[DATASET CONTENT]

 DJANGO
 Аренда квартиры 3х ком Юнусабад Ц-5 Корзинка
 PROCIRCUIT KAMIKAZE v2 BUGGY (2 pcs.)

[/DATASET CONTENT]
[DATASET CONTENT]

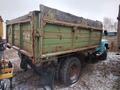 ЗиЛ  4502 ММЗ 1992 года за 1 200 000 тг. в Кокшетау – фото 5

[/DATASET CONTENT]

_THE PROBLEM_:
One stretch of the lines above is wanted, from the line that contains "Аренда квартиры 3х ком Юнусабад Ц-5 Корзинка" through the line that contains "PROCIRCUIT KAMIKAZE v2 BUGGY (2 pcs.)". Output it exactly.

_OUTPUT BELOW_:
 Аренда квартиры 3х ком Юнусабад Ц-5 Корзинка
 PROCIRCUIT KAMIKAZE v2 BUGGY (2 pcs.)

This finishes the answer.